Dr Michael E. Tunstall
1987-1990 - President
1990 - Gold medal winner
I entered general medical practice (GP) in 1956 as a trainee. I had under my belt two house jobs, two years National Service as a regimental medical officer, one year as an SHO in anaesthetics, a diploma in obstetrics and a diploma in anaesthetics.
There were rapid changes taking place in the National Health Service and I could see that I would not be able to realise my ambition of being a GP with anaesthetic and obstetric duties in the local cottage hospital.
Following the year as a GP trainee I became a registrar in anaesthetics at St. Mary's Hospital, Portsmouth. It was there that Dr. Hamer-Hodges encouraged the juniors to participate in his obstetric anaesthetic research. His landmark paper "General Anaesthesia for Operative Obstetrics", which was published in the British Journal of Anaesthesia in 1959, promulgated the use of thiopentone, suxamethonium and 60-70% nitrous oxide in oxygen only, until delivery of the baby. In the 1950's this was revolutionary.

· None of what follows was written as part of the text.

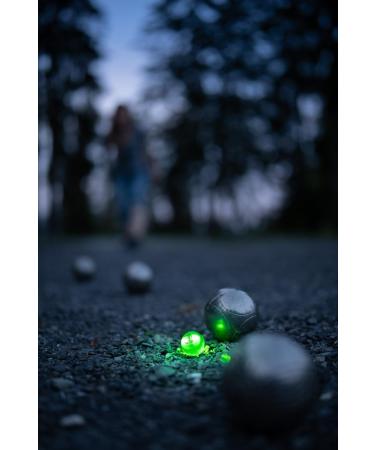 COCHOLED - Luminous petanque piglet - 1pc - Green - Buy Online on GoSupps.com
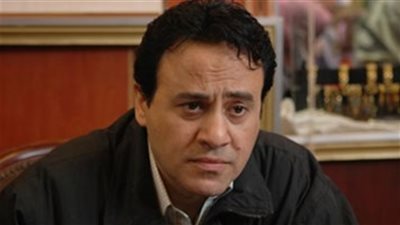 وفاة جدة كريم محمود عبدالعزيز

My next post was as an anaesthetic registrar at the Middlesex Hospital, London W1. There the junior anaesthetists were absolutely forbidden to use the above technique for obstetric forceps deliveries. Pudendal blocks were not used. We were confined to using nitrous oxide, oxygen and ether only, via the Magill circuit and face-mask. "They had not had a death from this technique for over 50 years." Retching and vomiting was par for the course during induction. On one occasion when all the consultants were busy I was asked to take the Bentley car of one of them, with a portable anaesthetic machine in the boot, to give an anaesthetic for a forceps delivery in a private nursing home in Wimpole Street. I still remember feeling the heat on my back from the recently extinguished gas fire in that pokey room as the ether was bubbling through the Boyle's bottle.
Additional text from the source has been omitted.